Frequently discussing your goals helps to keep things front of mind. How often do we forget about our new year resolutions because we haven’t thought or talked about them in 4 months? Do you even remember what your resolution was? Frequently discussing your goals also goes hand in hand with transparency. Telling those around what your goals are helps with specificity and making sure your actions are moving towards a larger target. If you are trying to complete a marathon, you need to put time into training for it. Perhaps you need discuss with your partner who will look after the kids while you are out for your run, or you need to discuss how there need to be fewer sweet treats on the shopping list each week so you have the proper fuel to help you achieve this goal.

Kipchoge (in the orange) during his Breaking 2 Run. Source: Getty Images
Kipchoge (in the orange) during his Breaking 2 Run. Source: Getty Images

Ambitious goals can help you feel motivated and excited to tackle the challenge – they should not be wildly outrageous or you will be unmotivated to accomplish them. Ambitious goals can also make you more innovative as you try to make things as efficient as possible. With the marathon example, just completing the marathon may be ambitious enough. Setting a goal to run a sub-2h marathon would be too ambitious and you will probably give up. (Side note – a sub 2h marathon has been done once by Eliud Kipchoge. He is one of the best marathoners in the world and it took months of planning and preparation with tons of money for this to happen. He had tons of pace setters, they tried to maximize weather conditions, and they picked a flat, straight course by sea level.)

Specific goals also help you get really clear on the vision and the steps needed to get there. If you are routinely not hitting the metrics you picked something is probably off. Take a step back and re-evaluate; how can you pivot or change your metrics to make you more successful? For example, you may start your training plan by running for 30 minutes a day, 6 days a week. After a few weeks you’re finding you can’t sustain that plan and aren’t doing any training. So you re-evaluate and switch to 30 minutes a day, 4 days a week – this feels more doable and you’re able to stick to this and get the training ball rolling again.
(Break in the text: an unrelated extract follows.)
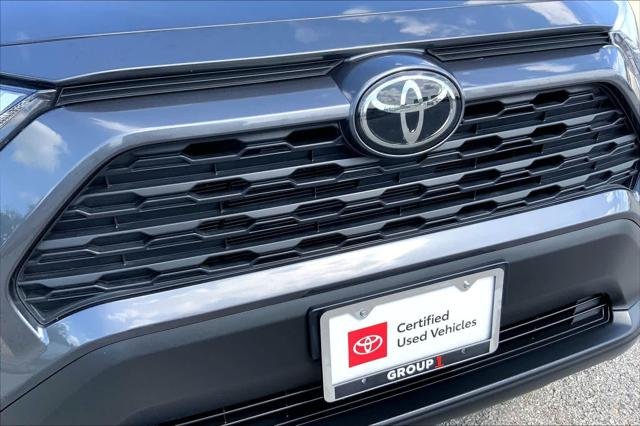 Certified Used 2024 MAGNETIC GRAY MET. Toyota  image 29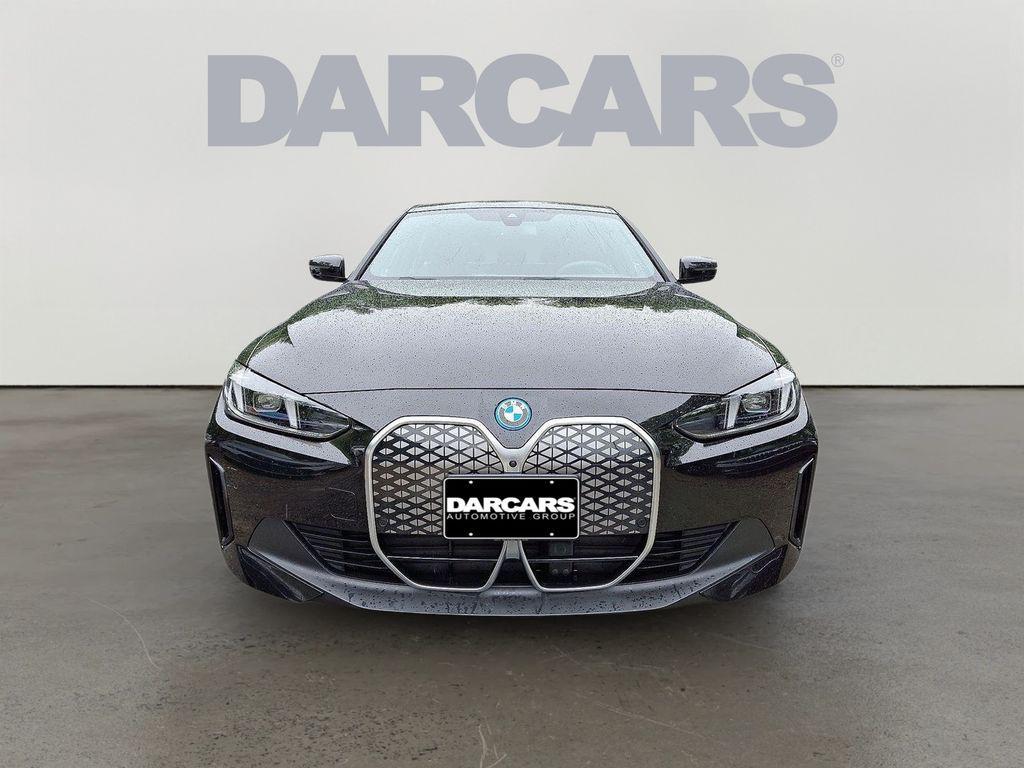 used 2025 BMW i4 Gran Coupe car, priced at $52,500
Transparency can be a double-edged sword. Being transparent can help others support you in achieving those goals. For example, if you are trying to cut down on eating out and you share that with friends or family, it is easier to decline an offer to join or make an alternate suggestion. Social support can be huge in helping you stay consistent. Being transparent with your goals and your struggles can also help you realize when you are missing the mark with your goals or the strategies you’re taking to get you there.

I think some people are transparent in the hope that other people will keep them accountable. At the end of the day, you are responsible for your actions. Only you can truly keep yourself accountable. If you always rely on others to help you achieve your goals, you are probably relying on extrinsic motivation quite a bit. That can make it more challenging to sustain any behaviours leading to a big goal or lifestyle change.

Which one should you use?

I think that we should combine these two strategies into one! Instead of “S” in FAST standing for “Specific”, I think the SMART framework can help you get really specific about your goals. Once they’re SMART, make sure you are transparent, ambitious, and frequently discussing those goals with people around you. This gets us the best of the both worlds and can keep us moving forward!

How confident are you?

An additional step that I like to add to my goals is to ask myself how confident I am that I will achieve the goals? On a scale from 1-10, thinking about all the other things in my life, how confident am I? I try to be >7/10 on this scale. If I’m below 7 that tells me that I’m perhaps being too ambitious or overly optimistic. Maybe I need to adjust my timeline or scale back the frequency – I make little tweaks until I’m over 7/10 and I know I’m good to go.